公演開始30分前、ステージ衣装に着替えた松岡がやってきた。
「チャンピオンになれました!」
「知ってる! 沙弥ちゃんがクルクルって回って、ベルトを獲ったときの映像も見たよ!」
奇跡の再会から、わずか半年。
チャンピオンになって心も体も大きくなった上谷の姿に、公演を控えて緊張しているはずの松岡も笑顔が止まらない。せっかくだからとチャンピオンベルトを持っての記念撮影をしましょう、という話になったのだが、松岡は「私はチャンピオンじゃないのに、一緒に持っていいんですか?」と真顔で聞いてきた。おそらく瞬時にベルトの重みに気づいたのだろう。上谷はピカピカに磨いているが、歴代王者の血と汗と涙が染みこんだベルトは、やっぱり風格がある。
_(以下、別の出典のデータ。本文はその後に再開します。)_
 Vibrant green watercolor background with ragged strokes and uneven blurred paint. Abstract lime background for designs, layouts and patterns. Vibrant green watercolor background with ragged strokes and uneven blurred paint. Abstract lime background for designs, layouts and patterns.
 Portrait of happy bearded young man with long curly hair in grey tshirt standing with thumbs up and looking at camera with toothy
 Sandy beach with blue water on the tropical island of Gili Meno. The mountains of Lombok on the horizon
そして上谷がぐるーっと回り道をして、7年目にしてようやくここまでたどり着いたという重みを誰よりも知っているから、松岡はベルトに敬意をはらい、端っこだけをちょこんと持ったのだが、さすがにこれでは画としておかしい。上谷が促すようにして、ベルトの中央をふたりで支えるようにして持ったのが、この記事を飾っている写真。そういう背景を知った上で見直していただくと、単なる記念写真ではなく、二人の歴史がギュッと詰まった一枚であることが伝わるかと思う。最高の笑みを浮かべる松岡はな、笑顔というより感慨無量な表情の上谷沙弥。なぜか脳内では高橋みなみの「努力は必ず報われる」という名言が再生されて、見ているだけで涙が出てきてしまうような瞬間……諦めないこと、続けていくことは本当に大事なんだな、と実感させられた。
本来であれば、これがこの日のクライマックスになるはずだった。